EXERCISE OBJECTIVE →
All records below should be repeated exactly, with the pictures left out.

[Brief descriptive captions]
# # # # # # #

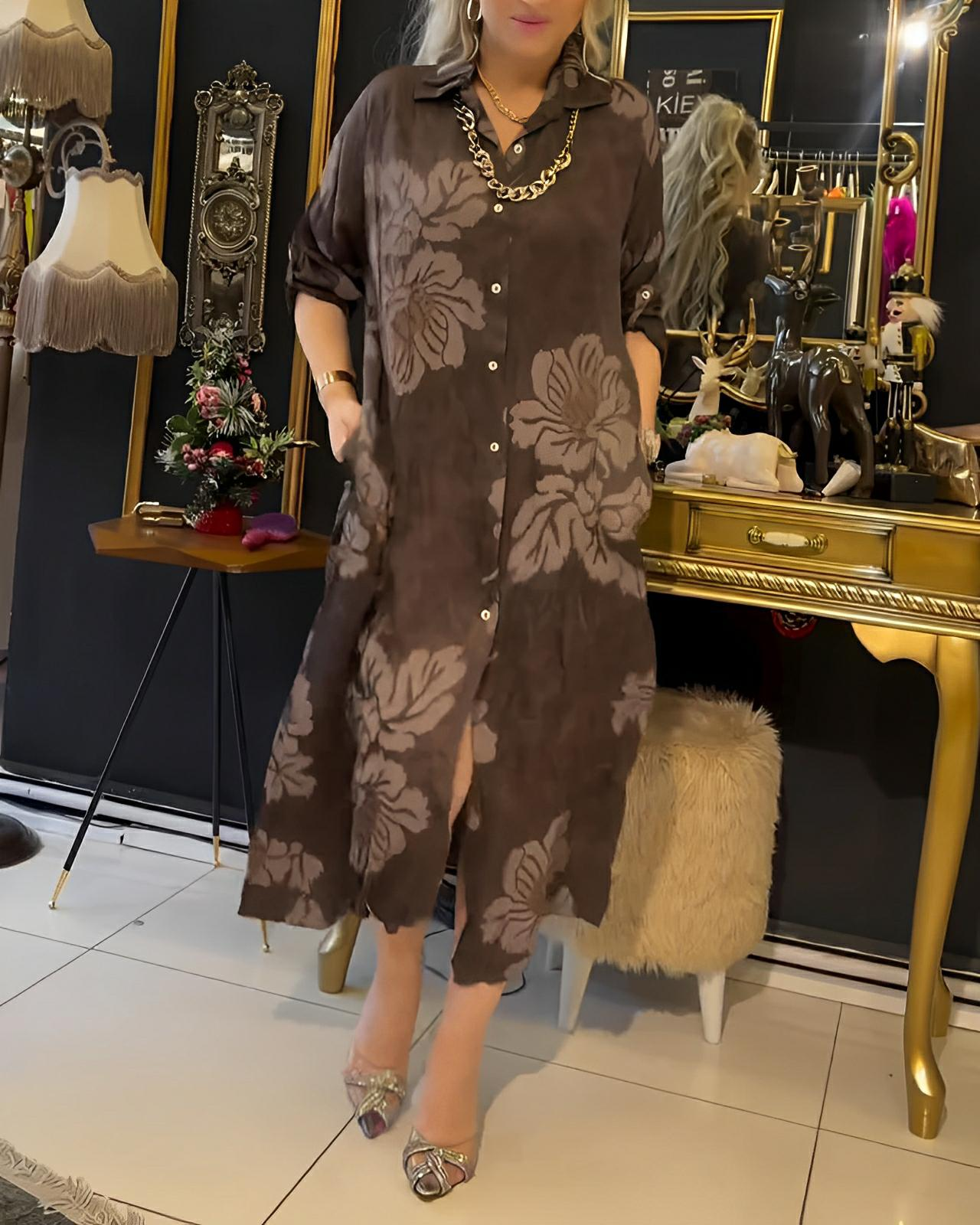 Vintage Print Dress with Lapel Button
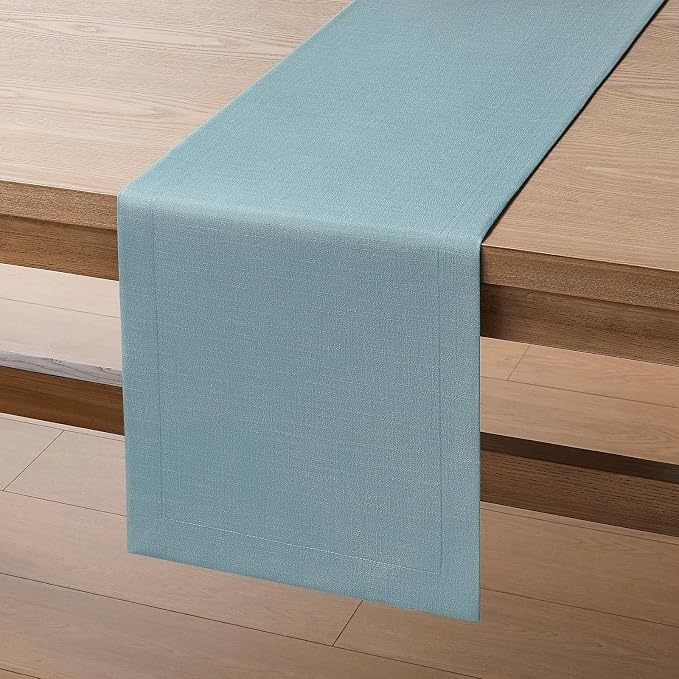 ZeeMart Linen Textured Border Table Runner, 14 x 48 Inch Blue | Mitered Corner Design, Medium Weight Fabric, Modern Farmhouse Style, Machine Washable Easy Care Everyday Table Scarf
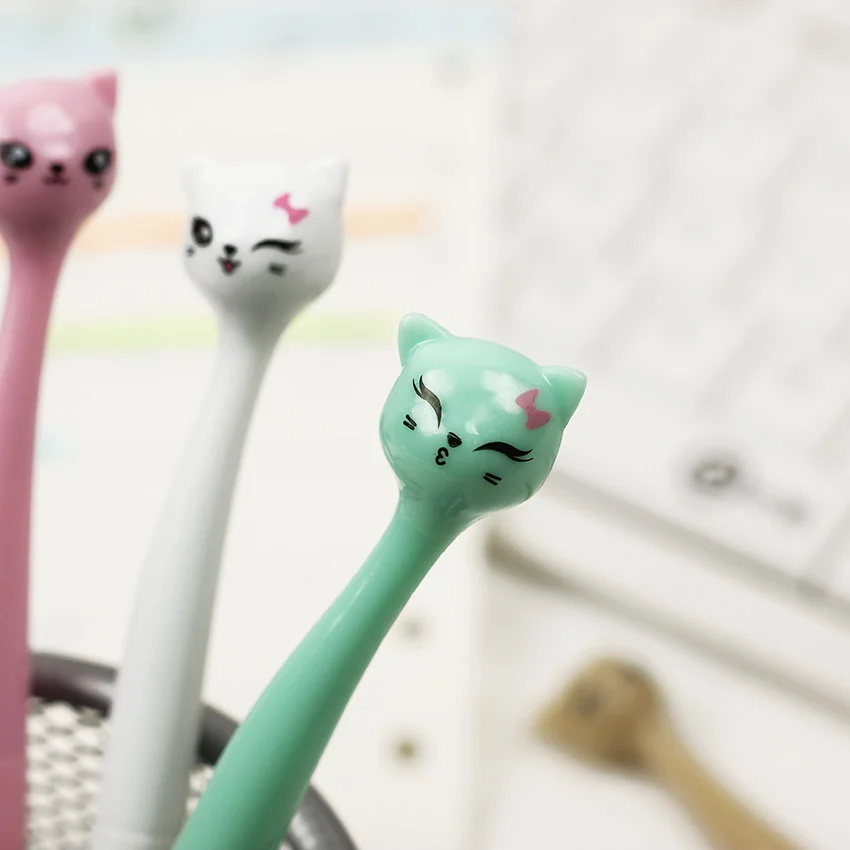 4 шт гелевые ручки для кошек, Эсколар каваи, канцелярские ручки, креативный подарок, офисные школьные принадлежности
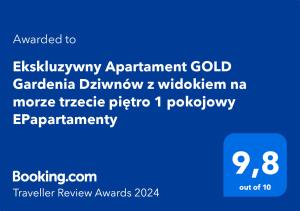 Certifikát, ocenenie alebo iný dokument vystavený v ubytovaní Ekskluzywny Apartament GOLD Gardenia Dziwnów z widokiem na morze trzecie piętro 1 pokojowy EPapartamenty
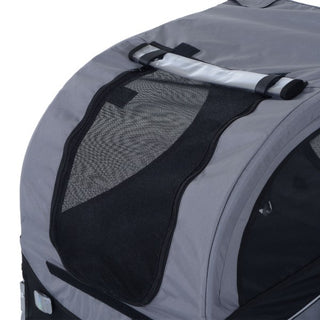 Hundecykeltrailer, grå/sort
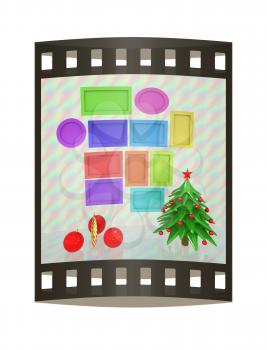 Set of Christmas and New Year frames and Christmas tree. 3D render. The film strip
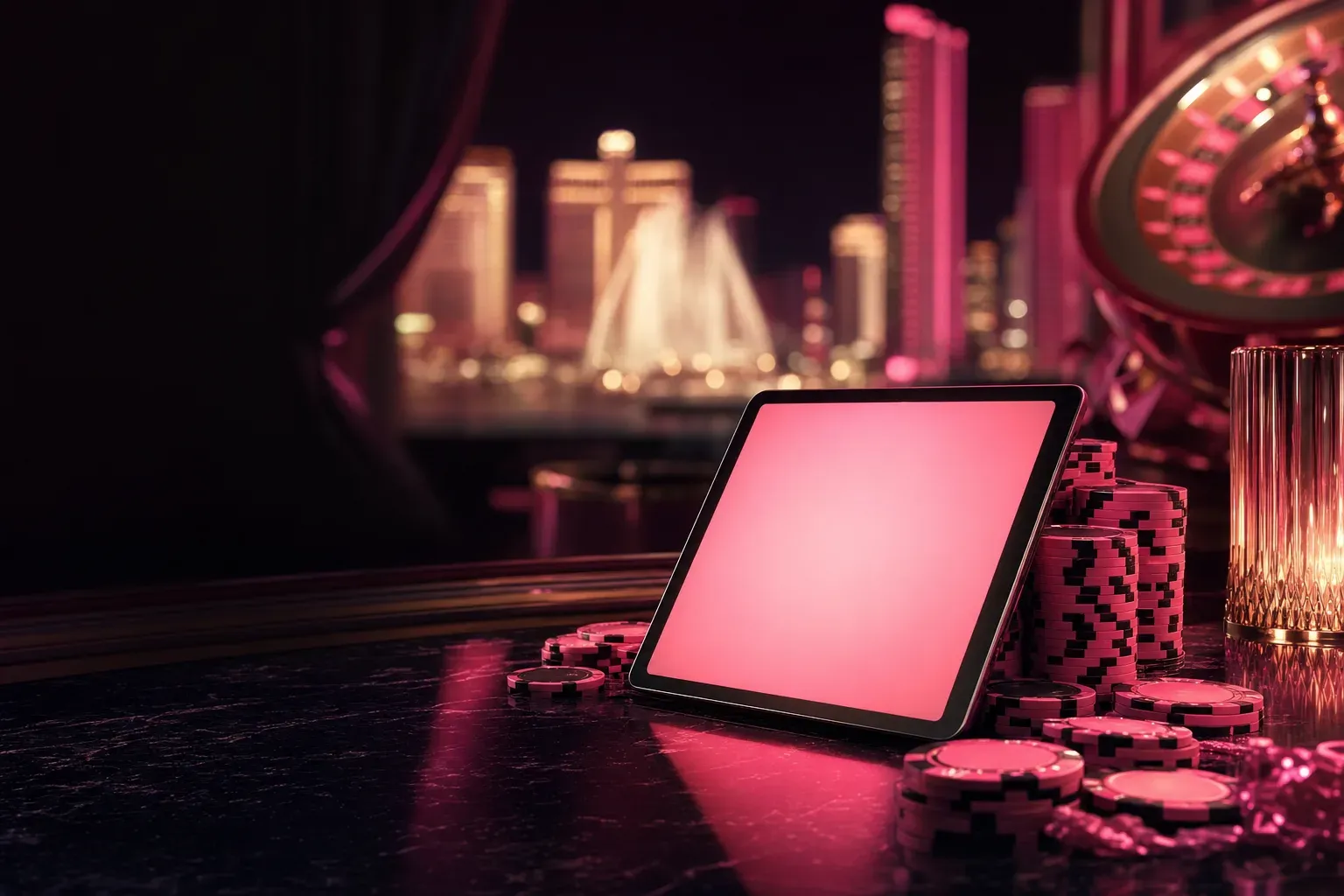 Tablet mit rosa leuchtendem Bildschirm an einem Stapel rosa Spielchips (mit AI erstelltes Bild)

# # # # # # #

YOUR SOLUTION →
 Vintage Print Dress with Lapel Button
 ZeeMart Linen Textured Border Table Runner, 14 x 48 Inch Blue | Mitered Corner Design, Medium Weight Fabric, Modern Farmhouse Style, Machine Washable Easy Care Everyday Table Scarf
 4 шт гелевые ручки для кошек, Эсколар каваи, канцелярские ручки, креативный подарок, офисные школьные принадлежности
 Certifikát, ocenenie alebo iný dokument vystavený v ubytovaní Ekskluzywny Apartament GOLD Gardenia Dziwnów z widokiem na morze trzecie piętro 1 pokojowy EPapartamenty
 Hundecykeltrailer, grå/sort
 Set of Christmas and New Year frames and Christmas tree. 3D render. The film strip
 Tablet mit rosa leuchtendem Bildschirm an einem Stapel rosa Spielchips (mit AI erstelltes Bild)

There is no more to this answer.